API

LLM Guard can be deployed as an API. We rely on FastAPI and Uvicorn to serve the API.

Configuration

All configurations are stored in config/scanners.yml. It supports configuring via environment variables.

Note

Scanners will be executed in the order of configuration.

Default environment variables

LOG_LEVEL (bool): Log level. Default is INFO. If set as DEBUG, debug mode will be enabled, which makes Swagger UI available.
CACHE_MAX_SIZE (int): Maximum number of items in the cache. Default is unlimited.
CACHE_TTL (int): Time in seconds after which a cached item expires. Default is 1 hour.
SCAN_FAIL_FAST (bool): Stop scanning after the first failed check. Default is False.
SCAN_PROMPT_TIMEOUT (int): Time in seconds after which a prompt scan will timeout. Default is 10 seconds.
SCAN_OUTPUT_TIMEOUT (int): Time in seconds after which an output scan will timeout. Default is 30 seconds.
APP_PORT (int): Port to run the API. Default is 8000.

Best practices

Enable SCAN_FAIL_FAST to avoid unnecessary scans.
Enable CACHE_MAX_SIZE and CACHE_TTL to cache results and avoid unnecessary scans.
Enable authentication and rate limiting to avoid abuse.
Enable lazy loading of models to avoid failed HTTP probes.
Enable load of models from a directory to avoid downloading models each time the container starts.
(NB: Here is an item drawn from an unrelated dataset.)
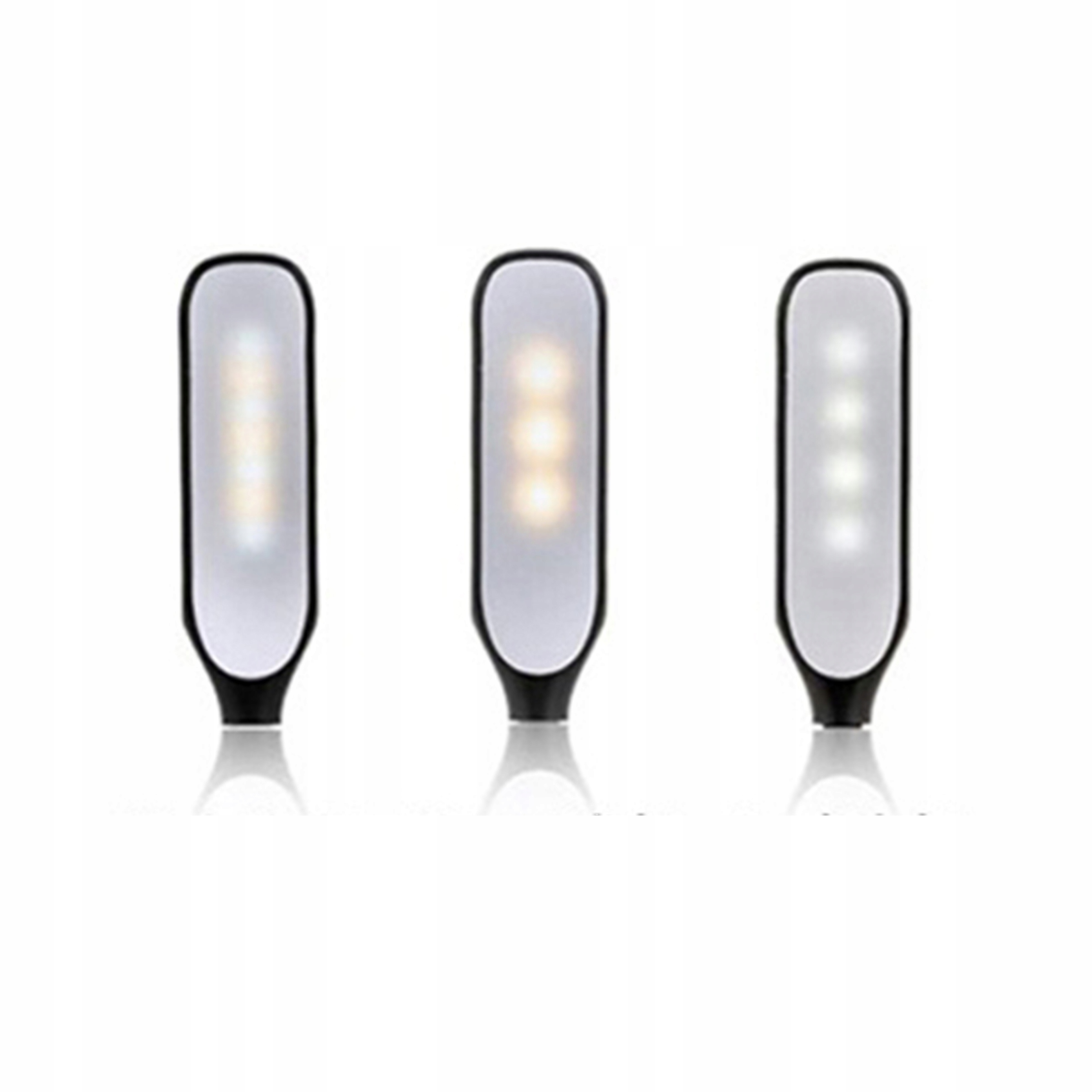 Trzy tryby oświetlenia dla różnych potrzeb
Load models from a directory

It's possible to load models from a local directory. You can set model_path in each supported scanner with the folder to the ONNX version of the model.
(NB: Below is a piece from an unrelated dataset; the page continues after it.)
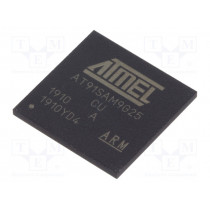AT91SAM9G25-CU; ARM microprocessor; ARM926; SRAM: 32kB; 0.9÷1.1VDC; SMD; LFBGA217; MICROCHIP TECHNOLOGY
This way, the models won't be downloaded each time the container starts.

Relevant notebook

Lazy loading

You can enable lazy_load in the YAML config file to load models only on the first request instead of the API start. That way, you can avoid failed HTTP probes due to the long model loading time.

Observability

There are built-in environment variables to configure observability:

Logging

Logs are written to stdout in a structured format, which can be easily parsed by log management systems.

Metrics

The following exporters are available for metrics:

Console (console): Logs metrics to stdout.
Prometheus (prometheus): Exposes metrics on /metrics endpoint.
OpenTelemetry (otel_http): Sends metrics to an OpenTelemetry collector via HTTP endpoint.

Tracing

The following exporters are available for tracing:

Console (console): Logs traces to stdout
OpenTelemetry (otel_http): Sends traces to an OpenTelemetry collector via HTTP endpoint.
AWS X-Ray (xray): Sends traces to OpenTelemetry collector in the AWS X-Ray format.